§ Exercise description:
Please repeat the entire listing verbatim and keep the pictures out.

§ Given information:
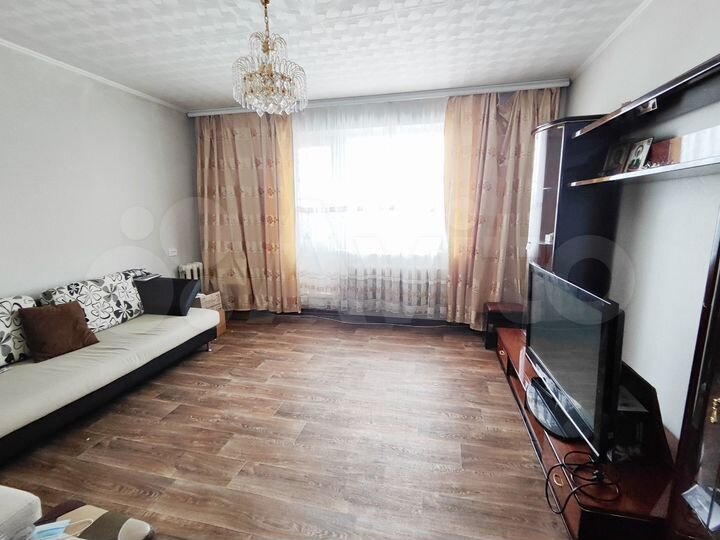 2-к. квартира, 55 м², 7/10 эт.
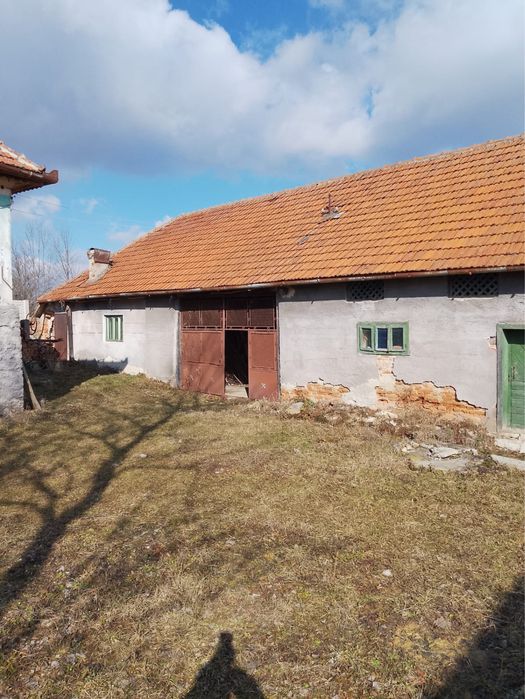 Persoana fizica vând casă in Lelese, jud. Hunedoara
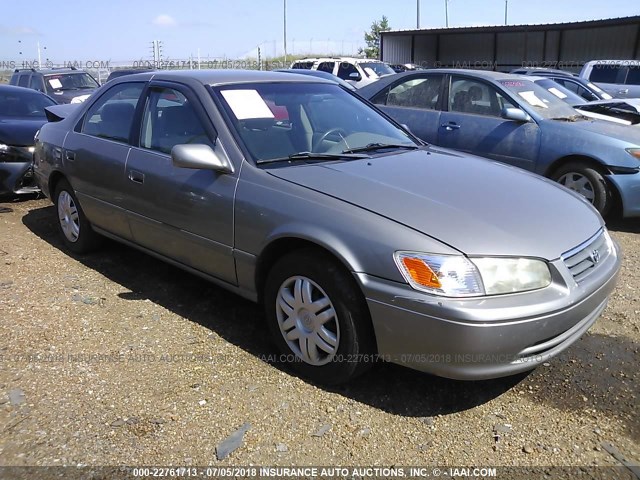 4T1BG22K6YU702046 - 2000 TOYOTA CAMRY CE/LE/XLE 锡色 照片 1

§ Expected answer:
 2-к. квартира, 55 м², 7/10 эт.
 Persoana fizica vând casă in Lelese, jud. Hunedoara
 4T1BG22K6YU702046 - 2000 TOYOTA CAMRY CE/LE/XLE 锡色 照片 1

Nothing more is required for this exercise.